In [1]:
import os
import json
import re # Used for advanced string manipulation/sanitization
from pathlib import Path

BASE_DIR = Path.cwd()         # where the notebook is running
DATA_FILE = BASE_DIR.parent / "data" / "family_data.json"

# Define the file path for the family data
# DATA_FILE = "family_data.json"

def sanitize_name(name):
    """
    Converts the name to lowercase and replaces spaces and non-word characters 
    with underscores for safe folder naming.
    
    Args:
        name (str): The raw name string.
        
    Returns:
        str: The sanitized, lowercase, and filesystem-safe name.
    """
    # 1. Convert to lowercase
    sanitized = name.lower()
    # 2. Replace spaces and consecutive non-word characters (like hyphens or periods) 
    #    with a single underscore
    sanitized = re.sub(r'[\s\W]+', '_', sanitized)
    # 3. Trim leading/trailing underscores that might result from the previous step
    return sanitized.strip('_')

def create_named_folders_from_json(data_filepath):
    """
    Reads data from a JSON file and creates folders using the format 'idNUMBER_NAME'.
    
    The JSON data is expected to be a list of objects, each containing 
    'PersonID' (the number) and 'Name' (the name part).

    Args:
        data_filepath (str): The path to the family data JSON file.
    """
    try:
        # Load and parse the JSON data
        with open(data_filepath, 'r') as f:
            family_data = json.load(f)
    except FileNotFoundError:
        print(f"Error: Data file not found at '{data_filepath}'. Please create it or check the path.")
        return
    except json.JSONDecodeError:
        print(f"Error: Could not decode JSON from '{data_filepath}'. Check the file format for errors.")
        return
    except Exception as e:
        print(f"An unexpected error occurred while reading the file: {e}")
        return

    if not isinstance(family_data, list):
        print("Error: JSON file content is not a list of objects.
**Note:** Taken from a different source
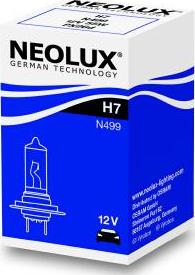 NEOLUX® N499 - Kvēlspuldze, Tālās gaismas lukturis autodraugiem.lv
Expected a top-level list.")
        return
        
    print(f"Starting to create {len(family_data)} folders based on JSON entries...")

    folder_count = 0
    for person in family_data:
        try:
            # Safely convert PersonID to string
            person_id = str(person.get('PersonID', 'UNKNOWN'))
            raw_name = person.get('Name', 'unknown_name')
            
            # Sanitize the name for folder creation
            folder_name_part = sanitize_name(raw_name)
            
            # Construct the final folder name: idNUMBER_NAME
            folder_name = f"id{person_id}_{folder_name_part}"

            if not folder_name_part:
                print(f"Warning: Skipping ID {person_id} due to empty or invalid name data.")
                continue

            # ---------- NEW CHECK ----------
            if os.path.exists(folder_name):
                # print(f"Folder already exists, skipping: {folder_name}")
                continue
            # ---------------------------------

            os.makedirs(folder_name, exist_ok=True)
            print(f"Successfully created: {folder_name}")
            folder_count += 1

            
        except OSError as e:
            # Handle system errors (like permissions)
            print(f"Error creating directory {folder_name}: {e}")
        except Exception as e:
            # Handle other unforeseen errors in the loop
            print(f"An unexpected error occurred processing an entry: {e}")
            
    print(f"\nFinished. Total folders created: {folder_count}")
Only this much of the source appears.